Le identità politiche mixano elementi nuovi con quelli di datata memoria e spesso mutano il senso stesso di alcune appartenenze identitarie. Cosi il clan politico-identitario più numeroso è quello dei progressisti (22%), anche se, come vedremo, non tutti si schierano a sinistra, optando anche per i Cinquestelle. Il secondo clan è quello dei moderati (20%), mentre gli ambientalisti arrivano al 17%. Il quarto clan è quello dei riformisti (16%), mentre il quinto è incarnato dagli anti-casta (13%). Tra i giovani troviamo anche nuclei minori, come antifascisti (11%), apolitici (10%), berlusconiani doc (7%), socialdemocratici (8%) e fascisti (3%).
Il rapporto con il fascismo e il nazismo è, per i neodiciottenni, un tema aperto: per il 61% è prioritario combattere il ritorno di queste ideologie, mentre per il 28% è sbagliato avversarle (la restante quota non si esprime). Di fronte agli episodi neonazisti che hanno costellato il 2017, gli under20 sono piuttosto cauti. Il 45% si esprime per la repressione immediata, mentre la restante parte si suddivide fra chi non ha un’opinione precisa sul tema (12%), tra chi bolla le azioni neo-nazi come semplici ragazzate (9%), tra chi ritiene errato creare facili allarmismi (25%) e fra quanti riconoscono ai neo-nazisti il diritto di esprimere le proprie idee (9%). L’agenda dei temi su cui i giovani del ’99 vorrebbero vedere maggiori cambiamenti sono le politiche per il lavoro (80%), la giustizia (60%), il fisco (58%), la scuola (57%), la classe politica e dirigente (42%).

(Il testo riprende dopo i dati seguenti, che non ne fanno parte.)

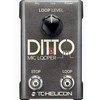 TC Helicon Ditto Mic Looper – kilpa mikrofonas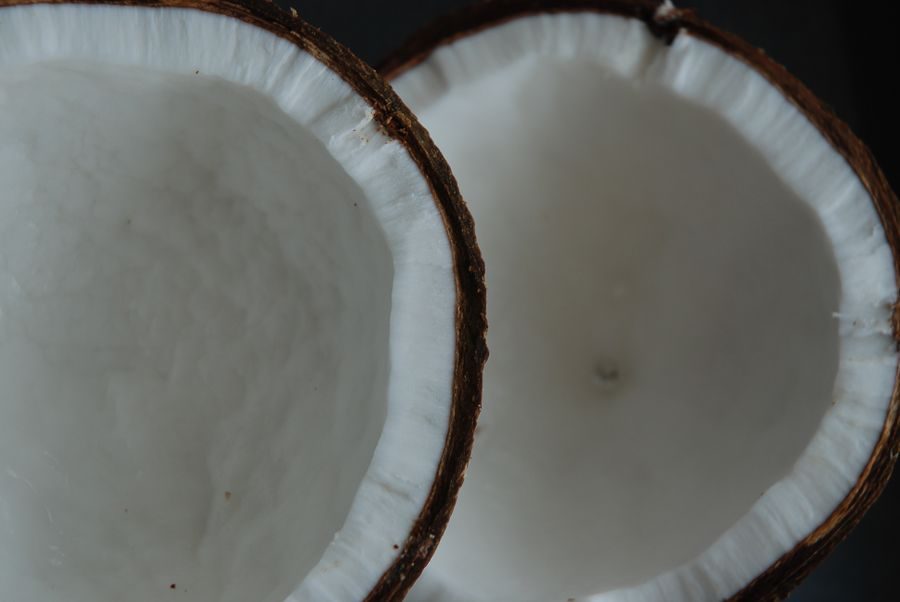 coconut halves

I flussi di migranti di questi anni hanno inciso sulla visione della società e della solidarietà di parte dei giovani di oggi. Per il 57% dei neodiciottenni, infatti, è giusto mettere al primo posto la difesa degli italiani e per il 48% dire “prima gli italiani” non è una scelta egoistica, ma un’opzione politica da prendere in considerazione. Il profilo dei neoelettori è utile per decodificare le scelte politiche e di voto. I ragazzi e le ragazze che si apprestano, per la prima volta, ad andare alle urne, non hanno le idee chiare. Metà di loro, il 48,8%, è indeciso o pensa di astenersi (la media nazionale degli indecisi è al 36,3%). Il dato mostra quanto sia difficile, per i ragazzi, orientarsi nella politica di oggi, ma anche la difficoltà dei partiti a dialogare con i segmenti giovanili. I diciottenni che hanno già deciso per chi votare (51,2%), sono orientati, soprattutto, verso i partiti antisistema.
Così il 38% dei neodiciottenni potrebbe votare per i pentastellati, mentre il 18,4% potrebbe scegliere la Lega di Matteo Salvini. Per il Partito democratico si schiera il 20,8% dei giovani del ‘99, mentre per Berlusconi simpatizza il 10%. La sinistra di Liberi e Uguali raccoglie il 2%, mentre la destra di Fratelli d’Italia il 2,2%. La partita elettorale è certamente aperta e la sfida, per tutti i partiti, è quella di conquistare il voto di quel 48,8% di indecisi. E… dalle promesse elettorali di questi giorni, non sembra emergere una particolare capacità di dialogo con i giovani.